A seller of fruit and produce hadn’t even heard about the law or the tax situation when I asked. Another who works with a Taobao shop selling clothing said her shop will likely end up paying taxes since they’ll have to register as a business, like the registered and verified shops on Tmall have had to for a few years now. A relative of mine, with three shops on Taobao, said she has no idea what to do about taxes and has not been given any guidance by Alibaba about how to comply.

It’ll be interesting to see how much the tax law is enforced, since many sellers have slim profit margins and the government likely doesn’t want to put a lot of those shops out of business. But bigger sellers could be a target. Like the case with major Chinese actress Fan Bingbing, who had evaded taxes through a process of signing double contracts (one the government would see, the other that is the real contract), it will likely take major crackdowns of big tax evaders to get the multitudes to comply.

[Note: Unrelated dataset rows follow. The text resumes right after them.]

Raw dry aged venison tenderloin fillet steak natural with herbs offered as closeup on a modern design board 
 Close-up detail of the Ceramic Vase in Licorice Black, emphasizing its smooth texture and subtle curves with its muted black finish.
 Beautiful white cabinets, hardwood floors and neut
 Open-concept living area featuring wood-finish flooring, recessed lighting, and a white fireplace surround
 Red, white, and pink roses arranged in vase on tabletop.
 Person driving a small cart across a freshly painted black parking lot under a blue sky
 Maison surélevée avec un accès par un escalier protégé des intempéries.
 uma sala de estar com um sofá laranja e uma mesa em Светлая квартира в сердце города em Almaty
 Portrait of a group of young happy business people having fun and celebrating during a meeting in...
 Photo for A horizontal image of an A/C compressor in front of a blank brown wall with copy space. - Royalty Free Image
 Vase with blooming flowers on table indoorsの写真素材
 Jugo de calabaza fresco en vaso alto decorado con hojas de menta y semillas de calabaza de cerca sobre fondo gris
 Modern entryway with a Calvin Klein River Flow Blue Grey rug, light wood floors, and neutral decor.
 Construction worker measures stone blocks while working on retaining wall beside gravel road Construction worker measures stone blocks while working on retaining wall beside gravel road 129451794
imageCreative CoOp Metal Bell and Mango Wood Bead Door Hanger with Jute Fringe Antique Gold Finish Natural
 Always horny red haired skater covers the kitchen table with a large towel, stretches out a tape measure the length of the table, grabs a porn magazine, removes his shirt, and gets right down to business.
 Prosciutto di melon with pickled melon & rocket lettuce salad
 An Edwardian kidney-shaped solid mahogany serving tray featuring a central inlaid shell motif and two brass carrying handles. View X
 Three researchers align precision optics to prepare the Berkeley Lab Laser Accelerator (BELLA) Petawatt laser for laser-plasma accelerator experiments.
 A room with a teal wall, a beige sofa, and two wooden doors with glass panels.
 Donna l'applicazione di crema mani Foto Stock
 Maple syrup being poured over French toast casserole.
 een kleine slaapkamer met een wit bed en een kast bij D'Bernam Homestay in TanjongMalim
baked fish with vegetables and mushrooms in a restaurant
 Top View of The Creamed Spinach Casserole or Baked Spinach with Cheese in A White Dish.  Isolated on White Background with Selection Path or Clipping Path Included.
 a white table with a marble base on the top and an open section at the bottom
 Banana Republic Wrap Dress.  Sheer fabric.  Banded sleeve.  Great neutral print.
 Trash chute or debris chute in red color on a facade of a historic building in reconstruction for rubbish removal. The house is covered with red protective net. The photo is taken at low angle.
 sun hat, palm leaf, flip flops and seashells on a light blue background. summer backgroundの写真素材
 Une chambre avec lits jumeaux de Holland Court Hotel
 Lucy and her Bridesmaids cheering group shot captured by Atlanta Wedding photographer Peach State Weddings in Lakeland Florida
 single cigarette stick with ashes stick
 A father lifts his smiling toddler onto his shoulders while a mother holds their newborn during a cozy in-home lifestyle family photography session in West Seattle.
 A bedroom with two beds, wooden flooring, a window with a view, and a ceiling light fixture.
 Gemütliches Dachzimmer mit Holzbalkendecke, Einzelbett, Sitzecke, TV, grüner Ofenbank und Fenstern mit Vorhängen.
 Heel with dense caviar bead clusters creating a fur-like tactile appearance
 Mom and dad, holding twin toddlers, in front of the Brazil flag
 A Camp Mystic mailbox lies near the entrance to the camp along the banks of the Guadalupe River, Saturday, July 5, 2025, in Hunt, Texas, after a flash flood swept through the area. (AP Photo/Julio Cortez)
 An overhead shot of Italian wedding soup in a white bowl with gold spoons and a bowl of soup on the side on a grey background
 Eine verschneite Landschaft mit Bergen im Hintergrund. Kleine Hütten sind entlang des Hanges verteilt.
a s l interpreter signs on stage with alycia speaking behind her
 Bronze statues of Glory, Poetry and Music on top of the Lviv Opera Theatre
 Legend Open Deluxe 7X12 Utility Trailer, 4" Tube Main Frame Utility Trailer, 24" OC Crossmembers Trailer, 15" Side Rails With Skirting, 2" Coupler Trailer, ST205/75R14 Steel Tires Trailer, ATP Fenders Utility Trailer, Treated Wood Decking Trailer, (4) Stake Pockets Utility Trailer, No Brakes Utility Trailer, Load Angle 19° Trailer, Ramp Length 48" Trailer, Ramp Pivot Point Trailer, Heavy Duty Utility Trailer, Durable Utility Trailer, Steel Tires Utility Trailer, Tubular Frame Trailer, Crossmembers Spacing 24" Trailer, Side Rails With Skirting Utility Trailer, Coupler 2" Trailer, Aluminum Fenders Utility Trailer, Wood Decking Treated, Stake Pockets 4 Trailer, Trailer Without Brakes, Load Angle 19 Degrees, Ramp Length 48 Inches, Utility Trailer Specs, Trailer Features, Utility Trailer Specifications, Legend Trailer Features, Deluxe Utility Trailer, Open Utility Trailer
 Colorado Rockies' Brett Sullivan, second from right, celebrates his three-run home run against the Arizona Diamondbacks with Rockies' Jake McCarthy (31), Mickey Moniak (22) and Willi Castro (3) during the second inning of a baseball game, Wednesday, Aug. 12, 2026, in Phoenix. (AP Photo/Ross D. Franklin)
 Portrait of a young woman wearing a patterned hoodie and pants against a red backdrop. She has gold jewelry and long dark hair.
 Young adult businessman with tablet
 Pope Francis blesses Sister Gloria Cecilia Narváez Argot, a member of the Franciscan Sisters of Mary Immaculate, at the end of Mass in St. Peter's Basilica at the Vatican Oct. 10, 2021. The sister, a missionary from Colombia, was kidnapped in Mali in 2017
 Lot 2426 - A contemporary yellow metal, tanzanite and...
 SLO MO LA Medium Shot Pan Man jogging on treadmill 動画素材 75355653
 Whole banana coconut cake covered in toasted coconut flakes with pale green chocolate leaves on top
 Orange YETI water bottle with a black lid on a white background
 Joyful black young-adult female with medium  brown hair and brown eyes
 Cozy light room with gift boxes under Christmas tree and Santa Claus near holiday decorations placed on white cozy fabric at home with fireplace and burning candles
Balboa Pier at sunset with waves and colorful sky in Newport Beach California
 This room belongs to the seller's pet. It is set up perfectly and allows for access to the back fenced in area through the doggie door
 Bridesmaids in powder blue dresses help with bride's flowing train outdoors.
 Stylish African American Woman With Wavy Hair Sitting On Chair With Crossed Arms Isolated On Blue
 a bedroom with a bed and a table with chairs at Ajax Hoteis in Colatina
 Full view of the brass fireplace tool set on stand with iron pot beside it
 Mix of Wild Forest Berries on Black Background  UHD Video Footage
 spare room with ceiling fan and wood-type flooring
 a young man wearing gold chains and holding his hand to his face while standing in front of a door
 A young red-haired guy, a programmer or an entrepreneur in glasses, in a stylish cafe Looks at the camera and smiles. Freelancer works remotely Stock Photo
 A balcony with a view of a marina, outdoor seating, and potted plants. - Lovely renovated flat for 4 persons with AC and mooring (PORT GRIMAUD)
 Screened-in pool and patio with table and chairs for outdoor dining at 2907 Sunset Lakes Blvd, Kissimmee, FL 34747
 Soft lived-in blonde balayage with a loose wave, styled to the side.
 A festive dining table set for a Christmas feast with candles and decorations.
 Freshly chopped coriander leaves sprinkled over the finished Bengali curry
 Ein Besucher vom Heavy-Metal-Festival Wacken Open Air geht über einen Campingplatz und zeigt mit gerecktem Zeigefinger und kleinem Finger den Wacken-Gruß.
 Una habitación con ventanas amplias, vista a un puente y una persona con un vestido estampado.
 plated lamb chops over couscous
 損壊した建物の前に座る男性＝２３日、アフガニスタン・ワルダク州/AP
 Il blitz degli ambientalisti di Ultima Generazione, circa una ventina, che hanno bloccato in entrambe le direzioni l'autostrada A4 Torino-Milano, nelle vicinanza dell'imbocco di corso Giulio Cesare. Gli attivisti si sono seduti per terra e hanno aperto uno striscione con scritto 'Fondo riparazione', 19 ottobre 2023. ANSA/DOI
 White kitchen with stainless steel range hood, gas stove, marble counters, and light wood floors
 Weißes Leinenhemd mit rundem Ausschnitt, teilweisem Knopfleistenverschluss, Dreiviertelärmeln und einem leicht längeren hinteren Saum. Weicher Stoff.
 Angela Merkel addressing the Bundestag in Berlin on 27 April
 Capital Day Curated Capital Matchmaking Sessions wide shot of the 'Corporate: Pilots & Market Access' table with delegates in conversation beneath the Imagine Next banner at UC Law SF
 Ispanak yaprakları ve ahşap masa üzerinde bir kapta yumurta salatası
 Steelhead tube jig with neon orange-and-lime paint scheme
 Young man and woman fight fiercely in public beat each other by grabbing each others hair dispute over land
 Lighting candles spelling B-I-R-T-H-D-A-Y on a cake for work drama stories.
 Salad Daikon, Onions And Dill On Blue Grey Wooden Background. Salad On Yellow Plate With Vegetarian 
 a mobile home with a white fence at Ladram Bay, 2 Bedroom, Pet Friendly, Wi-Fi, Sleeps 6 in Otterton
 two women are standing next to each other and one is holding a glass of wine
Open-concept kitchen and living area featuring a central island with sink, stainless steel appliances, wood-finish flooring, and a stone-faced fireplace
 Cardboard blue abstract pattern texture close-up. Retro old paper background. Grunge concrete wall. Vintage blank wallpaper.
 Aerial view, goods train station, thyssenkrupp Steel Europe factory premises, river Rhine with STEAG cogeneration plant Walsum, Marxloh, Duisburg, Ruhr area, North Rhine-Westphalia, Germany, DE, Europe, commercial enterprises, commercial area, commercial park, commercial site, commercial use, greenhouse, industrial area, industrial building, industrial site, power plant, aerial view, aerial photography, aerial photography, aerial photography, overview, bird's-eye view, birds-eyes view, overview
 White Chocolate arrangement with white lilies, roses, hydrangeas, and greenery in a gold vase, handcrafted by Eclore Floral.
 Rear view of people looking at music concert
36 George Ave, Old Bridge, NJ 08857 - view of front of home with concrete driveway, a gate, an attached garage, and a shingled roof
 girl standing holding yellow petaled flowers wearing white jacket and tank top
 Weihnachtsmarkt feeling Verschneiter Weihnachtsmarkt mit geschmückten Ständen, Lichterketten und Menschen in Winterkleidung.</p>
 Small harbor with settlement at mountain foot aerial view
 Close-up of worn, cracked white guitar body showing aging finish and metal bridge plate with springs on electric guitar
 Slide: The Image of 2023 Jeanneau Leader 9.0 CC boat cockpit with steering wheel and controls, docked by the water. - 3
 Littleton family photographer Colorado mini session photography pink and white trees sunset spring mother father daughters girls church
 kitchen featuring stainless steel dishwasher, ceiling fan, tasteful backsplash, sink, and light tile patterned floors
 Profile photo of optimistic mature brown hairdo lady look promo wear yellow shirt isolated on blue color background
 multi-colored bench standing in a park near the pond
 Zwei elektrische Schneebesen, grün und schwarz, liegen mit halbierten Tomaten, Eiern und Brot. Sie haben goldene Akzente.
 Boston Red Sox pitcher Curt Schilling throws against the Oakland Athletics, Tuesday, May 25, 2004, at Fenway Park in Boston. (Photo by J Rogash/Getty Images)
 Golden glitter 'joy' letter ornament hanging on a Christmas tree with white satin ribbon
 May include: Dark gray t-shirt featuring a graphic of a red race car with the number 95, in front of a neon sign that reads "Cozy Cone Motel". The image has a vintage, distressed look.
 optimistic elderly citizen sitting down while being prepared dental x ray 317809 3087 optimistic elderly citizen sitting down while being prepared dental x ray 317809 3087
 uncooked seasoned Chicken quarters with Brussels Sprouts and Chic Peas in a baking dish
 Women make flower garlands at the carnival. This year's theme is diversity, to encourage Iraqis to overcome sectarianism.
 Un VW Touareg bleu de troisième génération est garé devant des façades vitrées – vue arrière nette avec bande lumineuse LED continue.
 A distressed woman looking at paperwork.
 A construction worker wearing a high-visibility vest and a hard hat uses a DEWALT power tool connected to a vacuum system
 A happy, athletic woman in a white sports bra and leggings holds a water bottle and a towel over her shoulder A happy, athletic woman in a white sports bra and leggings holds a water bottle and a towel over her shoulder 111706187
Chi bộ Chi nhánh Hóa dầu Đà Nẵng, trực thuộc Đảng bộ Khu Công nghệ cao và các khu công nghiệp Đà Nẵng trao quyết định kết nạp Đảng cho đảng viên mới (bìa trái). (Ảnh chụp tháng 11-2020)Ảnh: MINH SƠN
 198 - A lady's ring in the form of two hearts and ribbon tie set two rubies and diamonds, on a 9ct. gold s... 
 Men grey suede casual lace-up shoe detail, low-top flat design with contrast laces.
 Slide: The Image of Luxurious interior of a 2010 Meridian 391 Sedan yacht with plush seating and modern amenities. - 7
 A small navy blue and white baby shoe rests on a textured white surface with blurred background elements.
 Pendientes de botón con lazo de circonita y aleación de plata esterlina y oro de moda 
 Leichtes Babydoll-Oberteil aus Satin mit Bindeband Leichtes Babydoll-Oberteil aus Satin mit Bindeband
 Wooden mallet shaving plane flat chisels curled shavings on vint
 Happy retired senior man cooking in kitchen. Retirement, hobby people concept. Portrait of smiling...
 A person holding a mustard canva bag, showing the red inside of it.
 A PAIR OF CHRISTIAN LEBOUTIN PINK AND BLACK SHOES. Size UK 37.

If Alibaba really wanted to follow the law and both educate and help enforce the tax rules, it could easily do so. In early January, the company moved to punish thousands of online sellers at the bequest of India after it was found people were evading taxes by marking shipments as gifts instead of items for sale. Whether Taobao will do the same largely depends on how serious China’s tax authorities are about raking in the billions in taxes that are being avoided.